Work task
Every entry below must be retyped exactly, and the pictures must be left out.

Given information
========================================

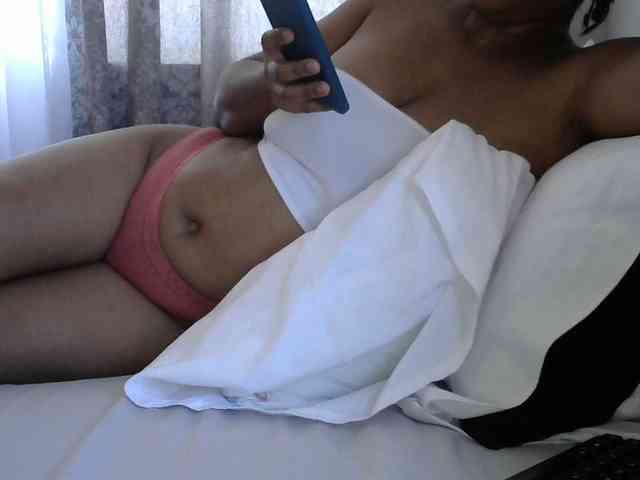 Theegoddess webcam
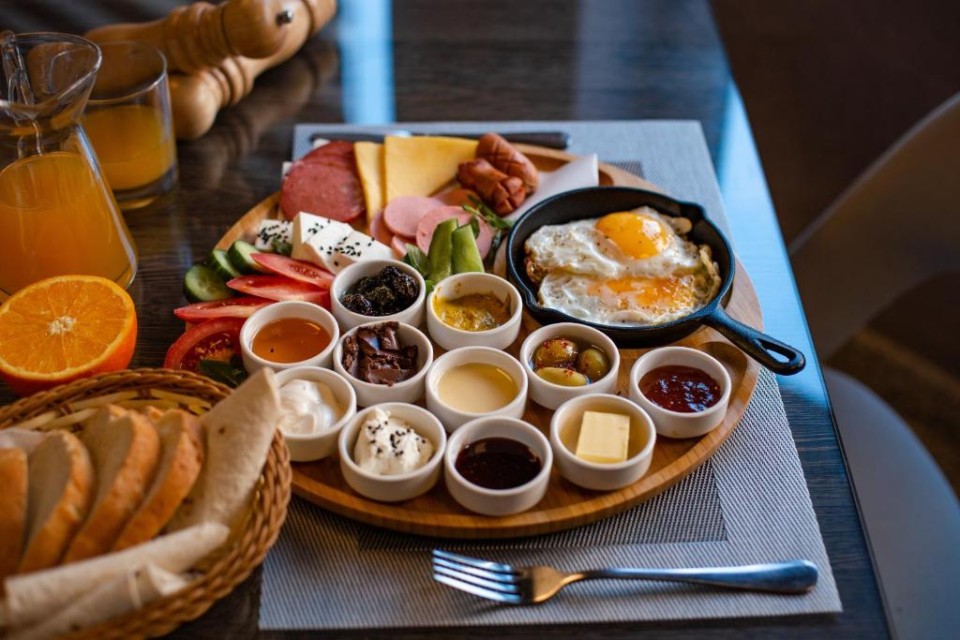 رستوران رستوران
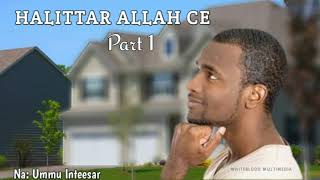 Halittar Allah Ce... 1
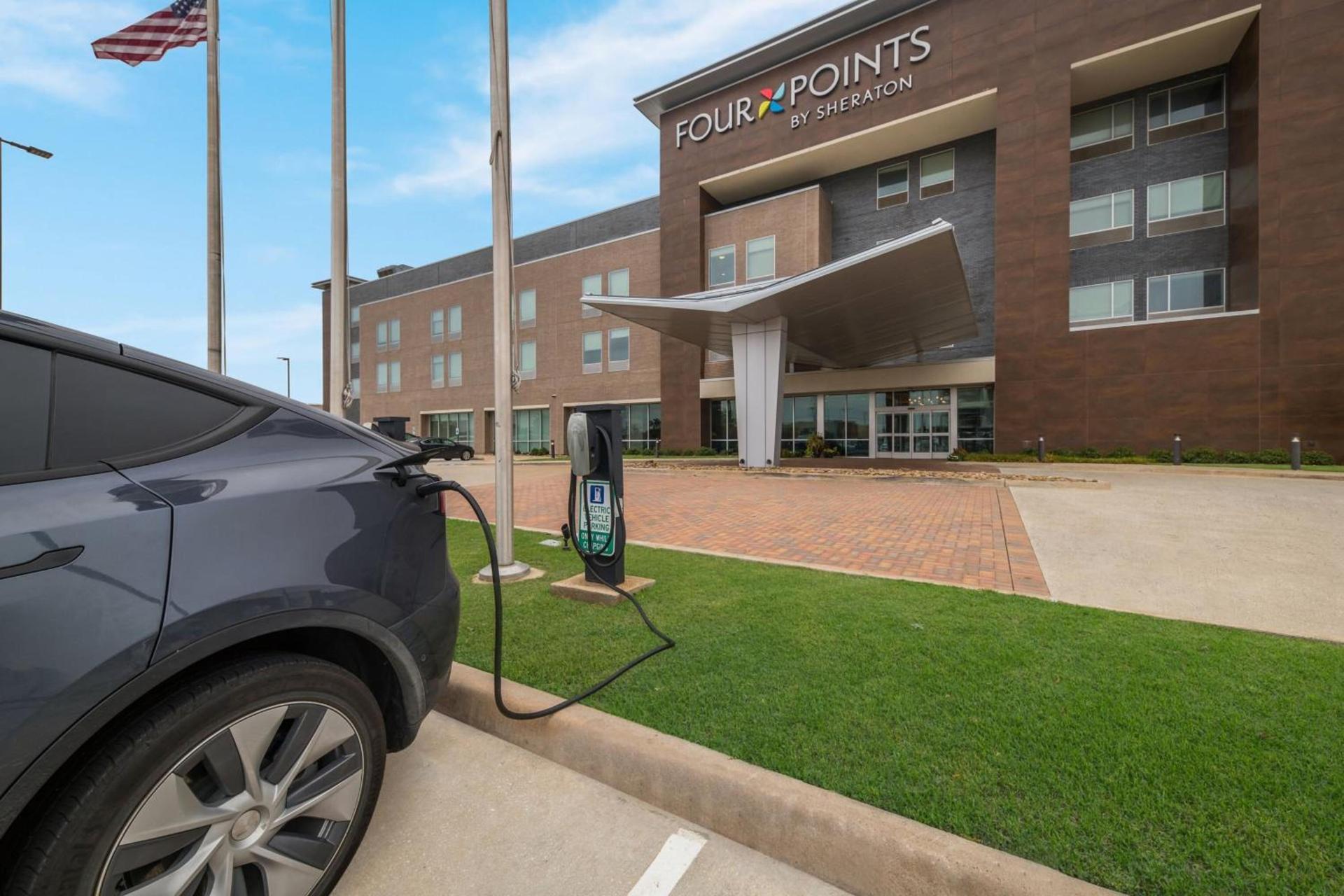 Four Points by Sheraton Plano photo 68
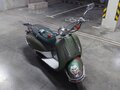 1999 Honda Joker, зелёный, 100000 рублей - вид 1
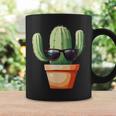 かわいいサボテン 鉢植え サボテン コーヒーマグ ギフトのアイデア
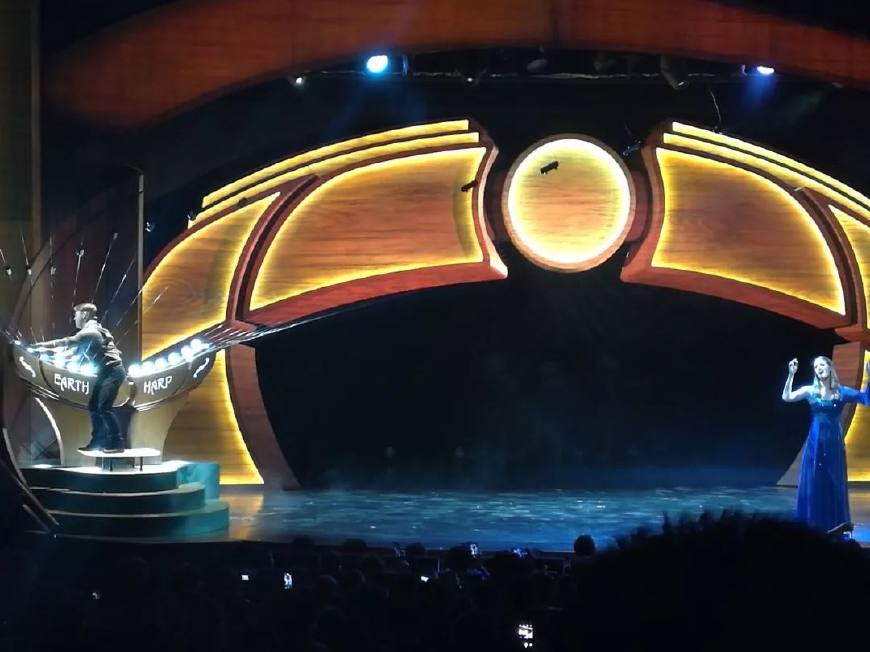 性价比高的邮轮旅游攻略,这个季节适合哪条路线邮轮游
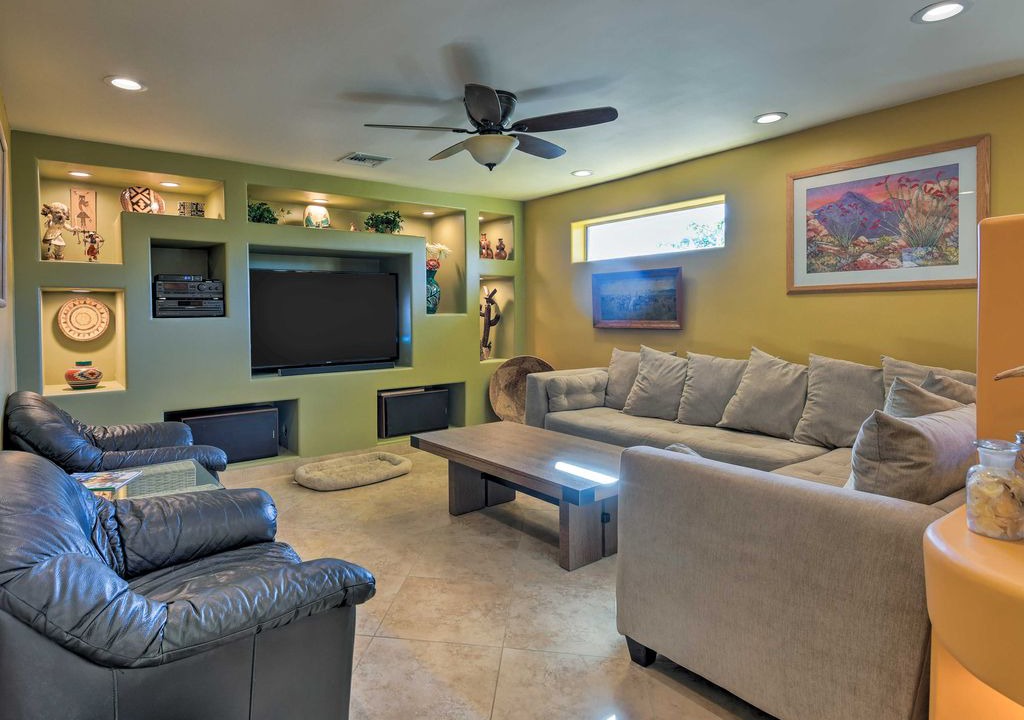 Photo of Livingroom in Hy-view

========================================

Finished exercise
 Theegoddess webcam
 رستوران رستوران
 Halittar Allah Ce... 1
 Four Points by Sheraton Plano photo 68
 1999 Honda Joker, зелёный, 100000 рублей - вид 1
 かわいいサボテン 鉢植え サボテン コーヒーマグ ギフトのアイデア
 性价比高的邮轮旅游攻略,这个季节适合哪条路线邮轮游
 Photo of Livingroom in Hy-view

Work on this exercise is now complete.